The impacts for students
What would that mean for students? “I don’t know what I would do if I didn’t get the money from Erasmus. I cannot expect my parents to give me even more money. I think, I would search for a job, but then I would have less time for studying, meeting friends in my free time or discovering the foreign country. But this is however what a semester abroad is about, isn’t it?” Anna gets worried.
This insecurity of getting the full grant is also in Kathrin Renner’s mind, Vice President and External Relations Director of AEGEE, the European Students’ Forum: “When a student decides to do a semester abroad, there will always be concerns about money. Erasmus often is insufficient to finance the complete stay abroad, but when the grant is reduced; it gets more and more difficult to take the chance for such a stay.

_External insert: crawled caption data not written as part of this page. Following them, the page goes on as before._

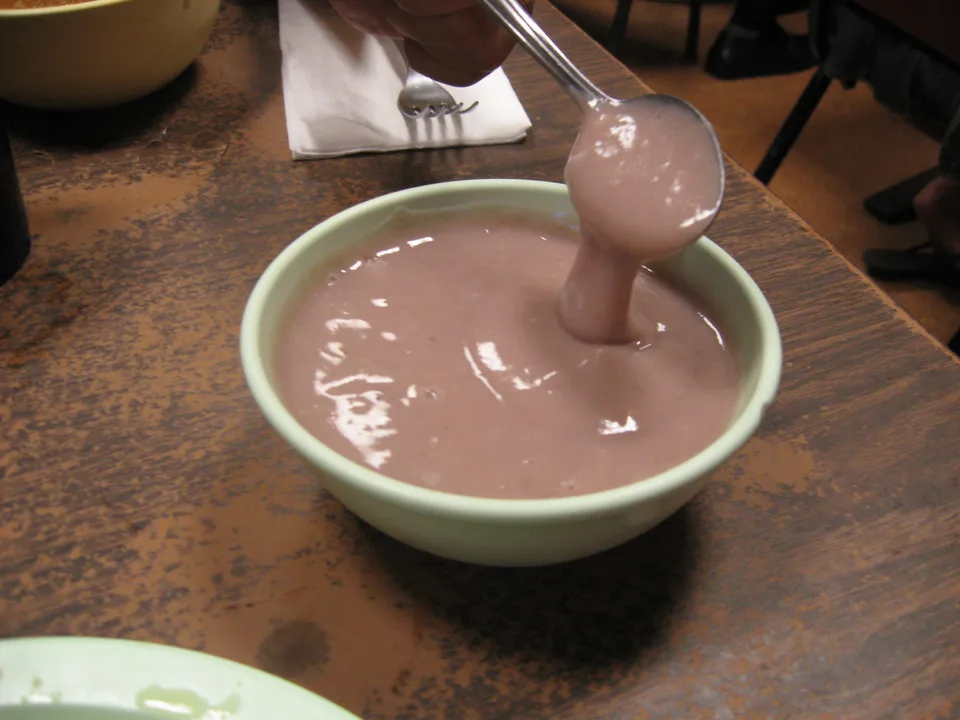 A spoon lifting thick purple poi from a pale green bowl.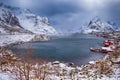 Red rorbu houses of Sakrisoy village with snow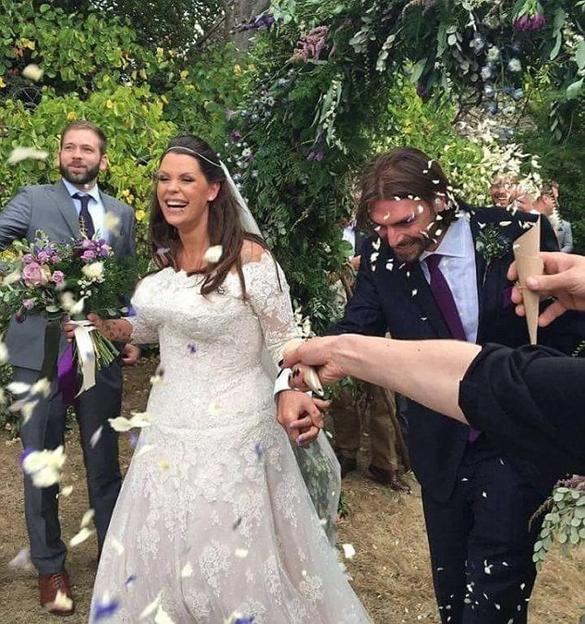 Fifi Geldof smiling at her wedding to Andrew Robertson while guests throw confetti.
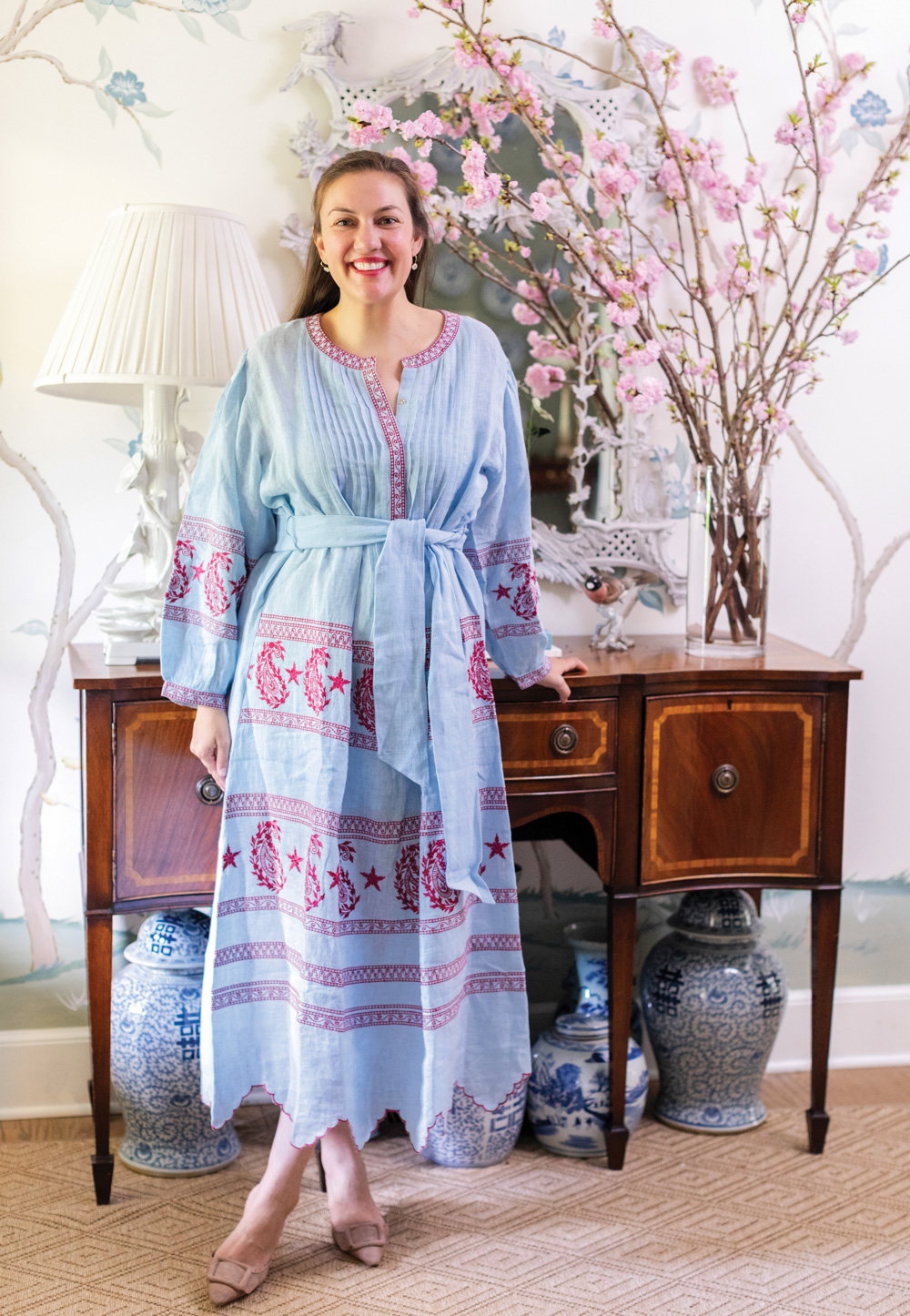 Elizabeth Cook stands in front of a woden console table with bright light pink cherry blossom flowers atop it.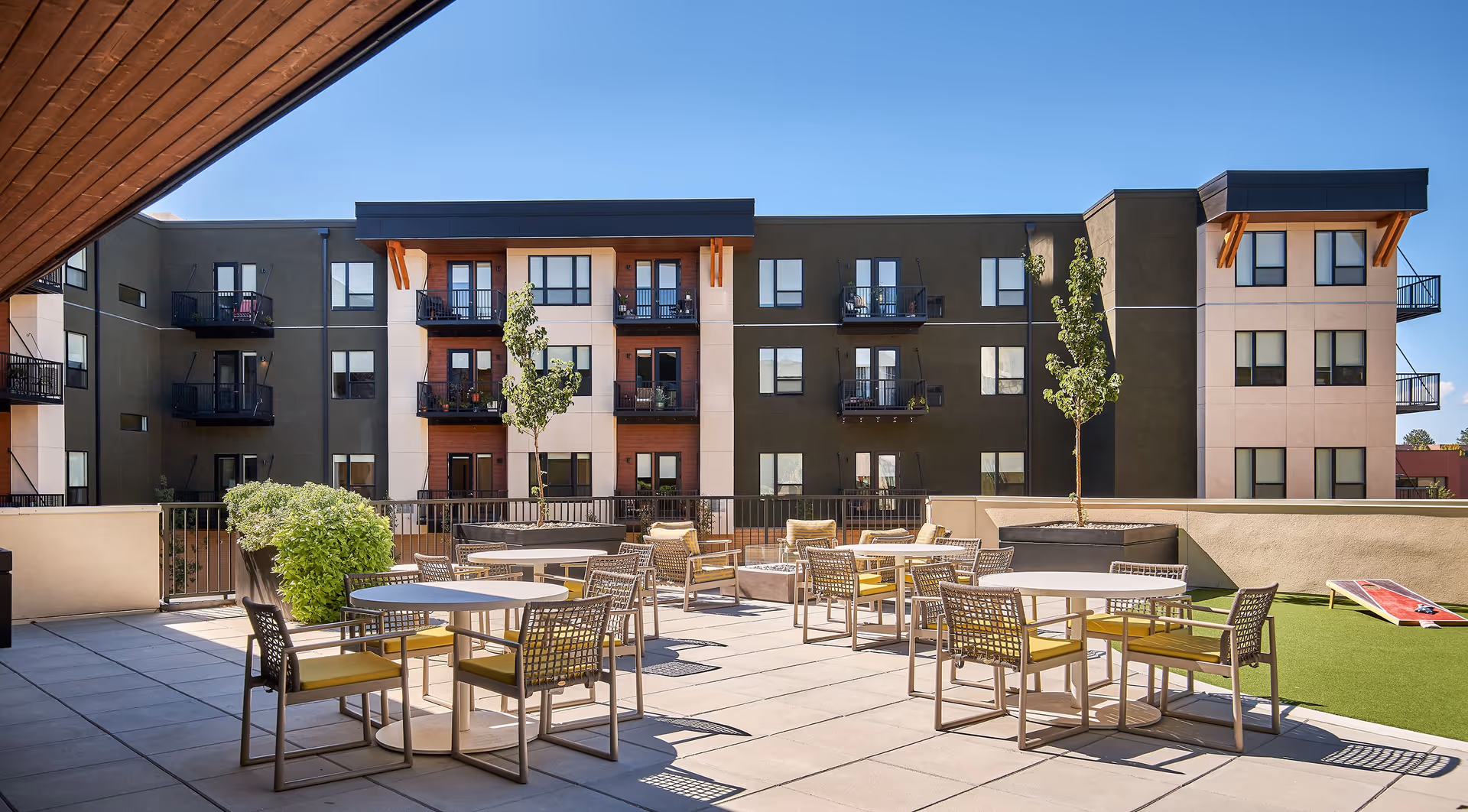 Rooftop outdoor patio with tables, chairs, planters and a grassy area in front of a multi-story residential building.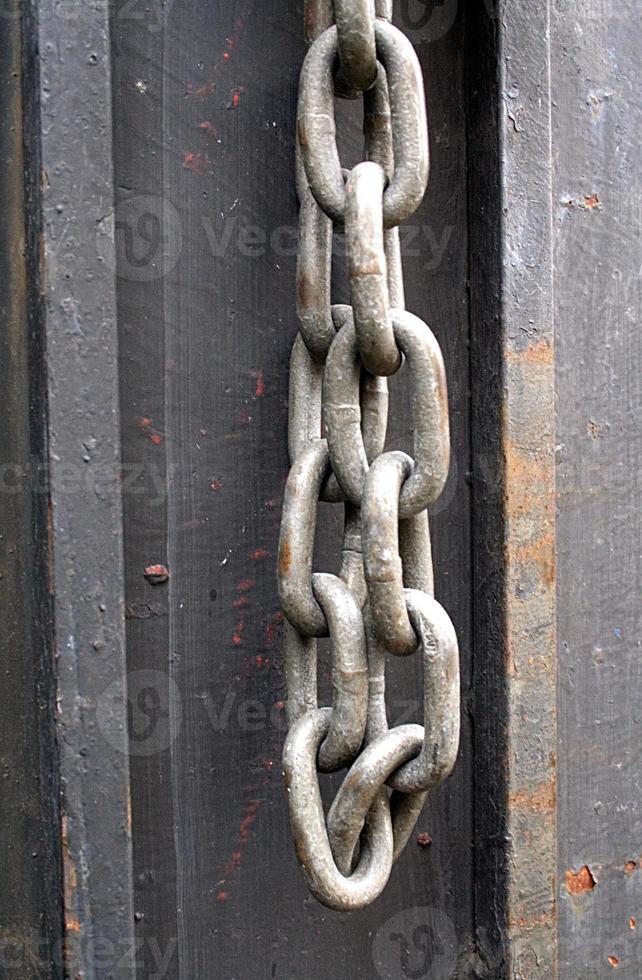 Chain hanging on metal photo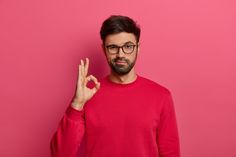 a man in a red sweater making the v sign with his fingers against a pink background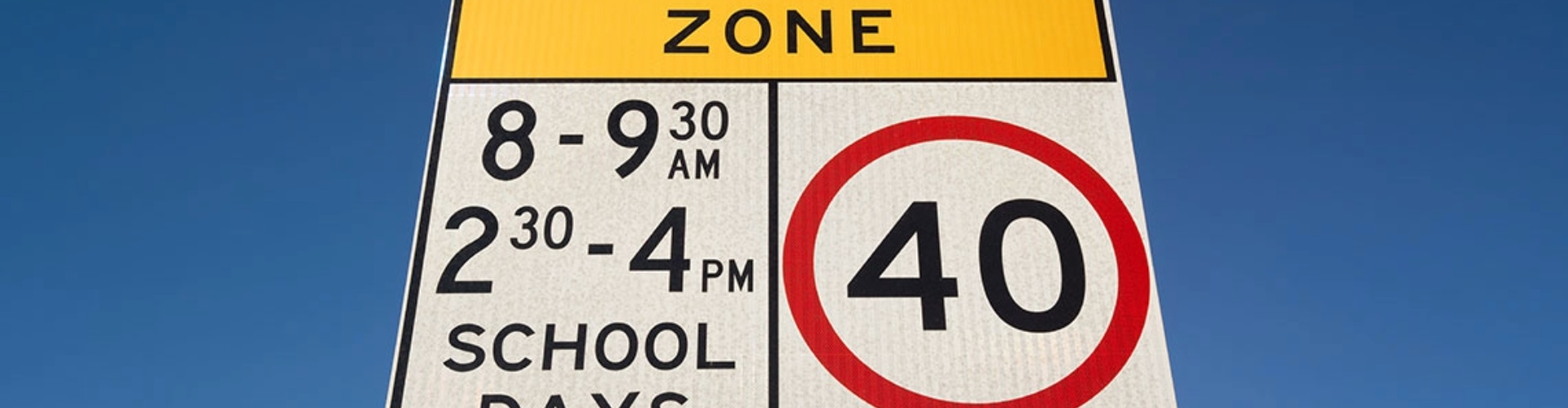 A school-zone speed limit road sign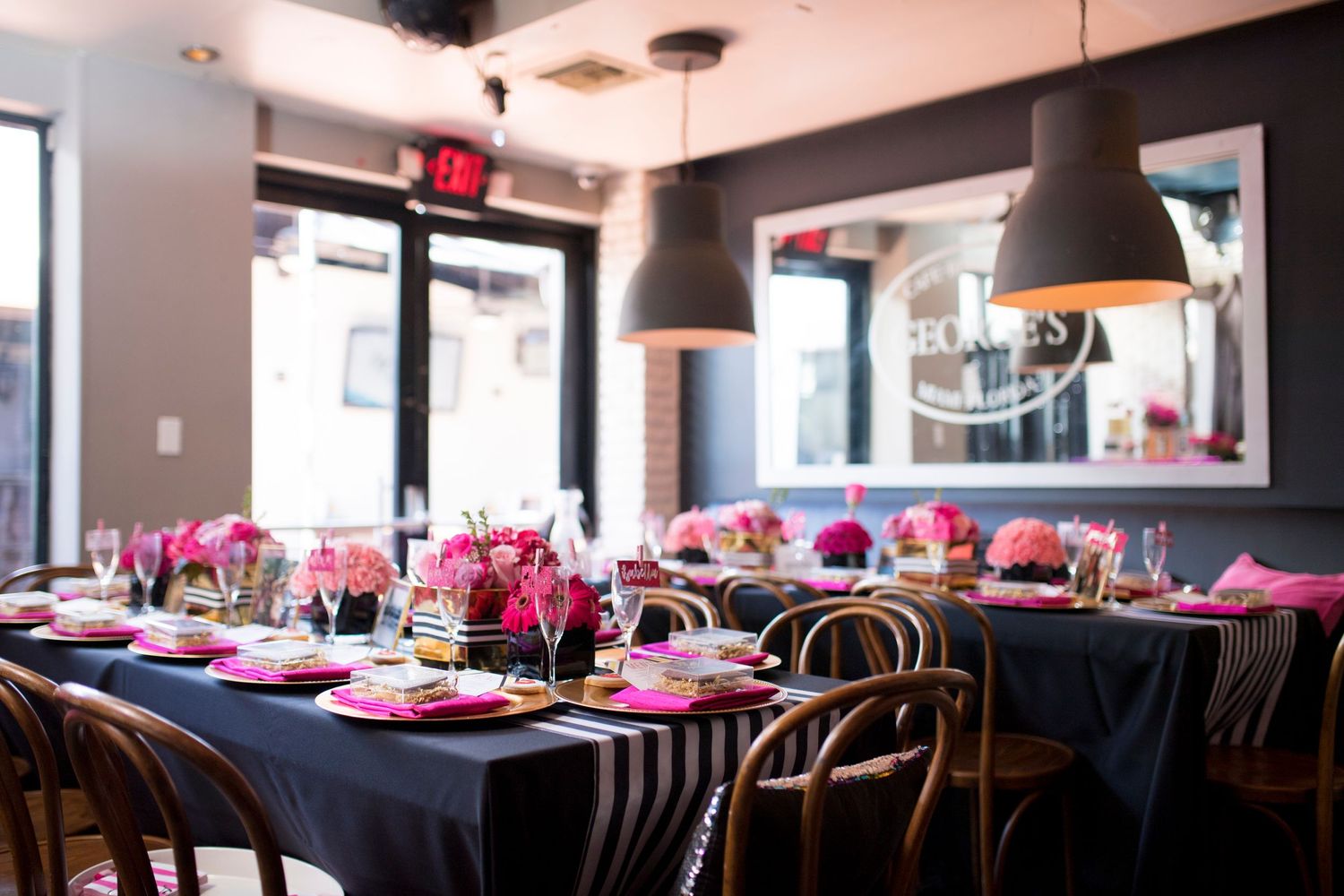 Modern restaurant interior with pink floral arrangements and black table settings.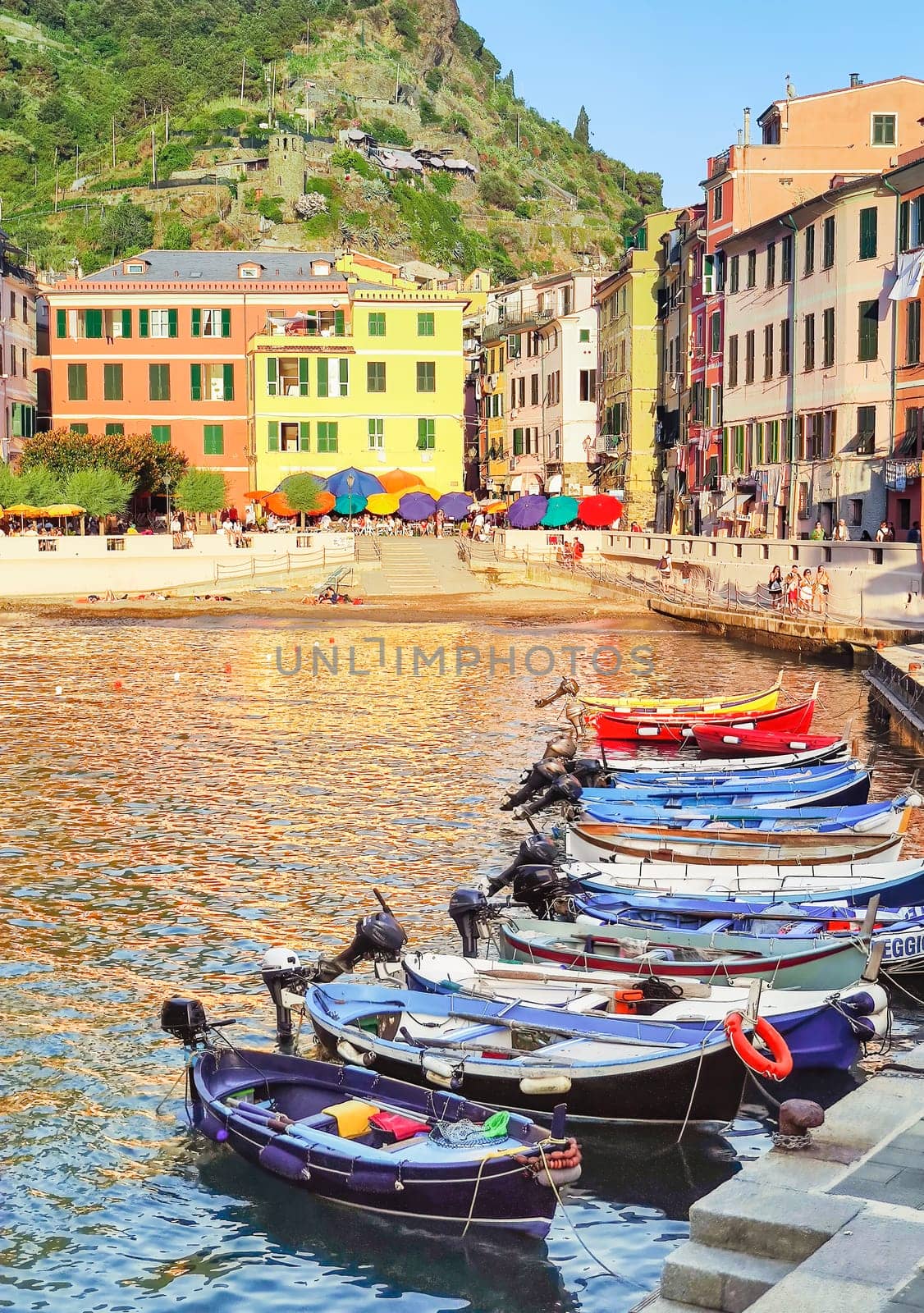 Travelogue of the Cinque Terre may be seen at the Ligurian tourist port of Vernazza with moored fishing boats.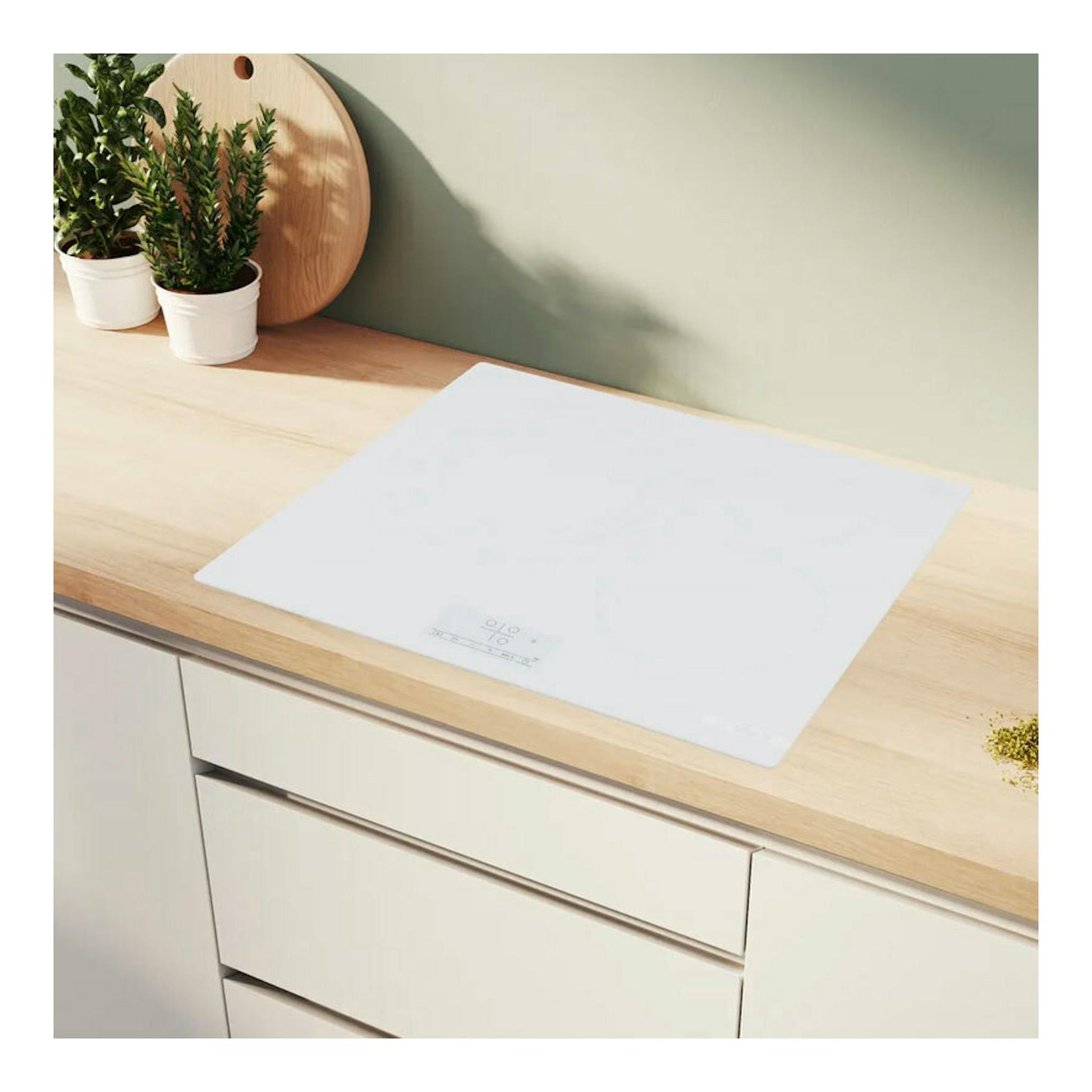 Placa de inducción Bosch PID612BB1E blanca, vista superior inclinada, integrada en encimera de madera.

The program may develop into an elite one, so students with a weaker financial background may not be able to spend a semester in a foreign country.”
Creating an European Identity
Despite some prejudices about Erasmus as only “getting wasted in another country”, Renner is sure that the program brings the European Union together: “Of course, having parties belongs to a semester abroad. But first of all, this brings students together because it is a social event. But Erasmus is not only about partying; students have to manage their whole lives in a foreign country. They need to face reality and don’t take a vacation. They become more independent, flexible and the most important thing: overcome cultural biases.” All this results in a European Identity and the program is definitely necessary to create it: “Erasmus is a program, which addresses European citizens directly and especially young people get involved, who will be the decision makers in future. By learning another language, students find an easier access to the European Union, where officially 27 different languages are spoken. The elite project European Union becomes a collective one and students can live and experience it with the help of Erasmus.”
Doris Pack, member of the European Parliament and chairwoman of the Committee on Culture and Education, has a similar opinion: ”It is a little bit cheeky that some people have prejudices like that. It is common that young people party a lot, but still Erasmus bears its fruits, because it brings them together with their different cultures. The program is necessary to create a European Identity.”
A small amount with huge consequences
Actually, the deficit of 90 Million Euros is a small amount relative to the total budget, but still huge consequences could result from that. It is not only the short-time consequences of less money for a semester abroad, but also a long-term rejection of the European Union by the students at the worst is possible: “The idea and the reputation of the European Union could suffer if the member states don’t provide the promised funds. And not only students but even their parents, relatives and friends would wonder if the grants are not paid out” Pack states.
The European Parliament and the European Commission support the Erasmus-program. So the responsibility for not another disappointment about the European Union is in the hands of the member states. Renner claims: “Erasmus is well known by most European citizens and it is well integrated into most European colleges. It is standard and it should remain standard.”